This exercise demonstrates how to solve the problems of enterprise data governance using Watson Knowledge Catalog on the Cloud Pak for Data platform. We'll explain how to use governance, data quality and active policy management in order to help your organization protect and govern sensitive data, trace data lineage and manage data lakes. This knowledge will help users quickly discover, curate, categorize and share data assets, data sets, analytical models and their relationships with other members of your organization. It serves as a single source of truth for data engineers, data stewards, data scientists and business analysts to gain self-service access to data they can trust.
This section is comprised of the following steps:
We need to find the right data and business information related to the Mortgage Default analysis project. You can use the global search to search across catalogs, projects and the business glossary to find all assets that you may be interested in.
Enter the words
mortgage in the global search area and press the enter key to start finding what you need. Place your cursor inside the global search area next to the word mortgage and press the enter key:
The search returns all data and information assets related to the search criteria across all catalogs, projects and governance artifacts. Scroll down through the list to take a closer look at what was found.
You can further refine your search results by using the filters supplied by type, tag, catalog, project etc.
First and foremost, we need to verify that all the data needed for the project has been cataloged and available to the project team to use. We can do this very easily by refining the search to only display mortgage data that exists across all catalogs.
From the search drop down menu select
All governance artifacts.
All data assets across catalogs meeting the criteria are displayed. This is the data we are looking for.

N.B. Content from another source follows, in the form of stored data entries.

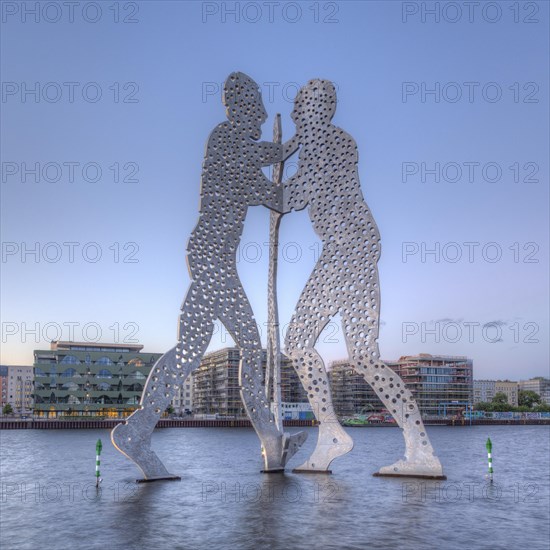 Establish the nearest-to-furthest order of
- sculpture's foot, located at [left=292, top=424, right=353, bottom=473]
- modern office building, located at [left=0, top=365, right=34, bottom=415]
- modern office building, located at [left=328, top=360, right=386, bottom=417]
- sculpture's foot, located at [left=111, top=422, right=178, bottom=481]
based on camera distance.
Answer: sculpture's foot, located at [left=111, top=422, right=178, bottom=481] < sculpture's foot, located at [left=292, top=424, right=353, bottom=473] < modern office building, located at [left=328, top=360, right=386, bottom=417] < modern office building, located at [left=0, top=365, right=34, bottom=415]

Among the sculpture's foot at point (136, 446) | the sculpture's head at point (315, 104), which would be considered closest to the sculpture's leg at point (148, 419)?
the sculpture's foot at point (136, 446)

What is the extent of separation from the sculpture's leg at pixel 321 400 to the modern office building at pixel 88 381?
64.1 meters

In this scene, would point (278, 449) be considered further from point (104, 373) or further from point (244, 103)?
point (104, 373)

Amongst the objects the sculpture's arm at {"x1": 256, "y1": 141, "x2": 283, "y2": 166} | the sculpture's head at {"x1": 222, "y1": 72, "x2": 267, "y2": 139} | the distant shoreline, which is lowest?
the distant shoreline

The connection to the Analytics Data Warehouse and the 4 mortgage tables are what the project team requested; Mortgage Default, Applicant, Property and Customer are all in the Enterprise catalog.
However, before we proceed to the catalog we need to also find all the business information related to the project to review the terms and content of the data and identify if there are any policies and rules set by the business that the project team needs to be aware of and adhere to.

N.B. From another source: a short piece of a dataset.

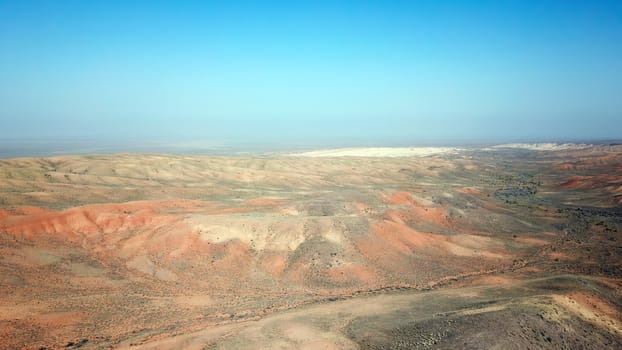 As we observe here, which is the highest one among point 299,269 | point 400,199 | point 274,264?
point 400,199

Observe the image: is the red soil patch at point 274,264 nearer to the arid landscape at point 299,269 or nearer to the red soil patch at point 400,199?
the arid landscape at point 299,269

From the search drop down menu select
Notice that the governance team has been hard at work and has defined 25 business terms related to the mortgage data the project will be using. Also notice that they are tagged with the key word Mortgage to easily find them
Scroll down the list of business terms to view them all.
Note that the Email Address, Phone Number and Social Security Number have all been tagged as Sensitive information.
Click on the Clear all button to get ready for the next search task.
Click on the Any type filter and select the Category type from the list to refine the results.
Notice that there is a Mortgage Default Analysis category defined that contains all the business information related to the project and a category named Sensitive Information that is a subcategory. This is a good indication that the mortgage data being used by the project contains sensitive information that needs to be protected.
The best data is data that is fully understood and trusted.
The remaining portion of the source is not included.